- The prime minister, in a written statement, has again rejected speculation over the reasons for former justice minister Jiří Pospíšil’s firing last month.
- Three young people were killed in the early hours of Saturday morning in a car crash near the South Bohemian town of Tábor.
- A new poll suggests that Czechs most value their doctors, scientists and professors, in stark contrast to government ministers and MPs.
- Eleven candidates are to be named to ambassadorial posts.
- Well-known Czech entertainer Ivan Mládek, performing with the Banjo Band, has announced autumn concert dates.
PM again rejects speculation over former justice minister’s firing
Prime Minister Petr Nečas again rejected any suggestion that former justice minister Jiří Pospíšil was recalled from his post last month because he had planned to name respected state prosecutor Lenka Bradáčová to head Prague’s State Attorney’s Office. The prime minister sent a written statement to the Czech news agency on Friday, saying claims otherwise were unacceptable and speculative; on the same day new Justice Minister Pavel Blažek, who succeeded Mr Pospíšil, revealed he would not name Ms. Bradáčová even though she had received a recommendation from the Supreme State Attorney Pavel Zeman. The new minister is considering the option of a regular competition for the post.

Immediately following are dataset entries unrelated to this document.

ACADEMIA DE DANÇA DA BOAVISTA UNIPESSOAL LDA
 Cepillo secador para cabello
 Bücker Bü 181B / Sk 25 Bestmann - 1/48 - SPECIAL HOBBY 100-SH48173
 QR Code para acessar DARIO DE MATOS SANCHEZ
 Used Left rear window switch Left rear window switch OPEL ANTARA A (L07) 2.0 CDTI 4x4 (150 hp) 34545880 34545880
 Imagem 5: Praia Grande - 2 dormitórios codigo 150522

Jiří Pospíšil, who concentrated on fighting alleged corruption at the State Attorney’s Office in Prague, was dismissed by the prime minister last month for managerial failures.
Three people die in Saturday morning crash
Three young men, estimated at 20 years of age, were killed near Tábor in the early hours of Saturday morning, after their vehicle skidded off the road and hit a tree, police said. A fourth person, an 18-year-old female, was injured. The tragedy took place shortly before six am near a local railway crossing, the spokeswoman for the South Bohemian police force Lenka Holická confirmed. It is one of the worst accidents on South Bohemian roads so far this year, ČTK reported. In another crash, on June 7 near Jindřichův Hradec, three men between the ages of 30 and 64 lost their lives when their vehicle collided with a bus.
Poll: Czechs value doctors the most
Czechs most value the work of doctors, scientists, nurses and university professors a new poll conducted by the CVVM agency suggests. Respondents in the survey ranked 26 professions on a 99-point scale. The worst-ranked on the scale were MPs, government ministers and cleaning personnel. According to CVVM, the result shows that doctors’ reputations were unhurt, for example, by a long-term campaign to boost salaries. More than 500 people aged 15 and higher took part in the poll, which was conducted in June.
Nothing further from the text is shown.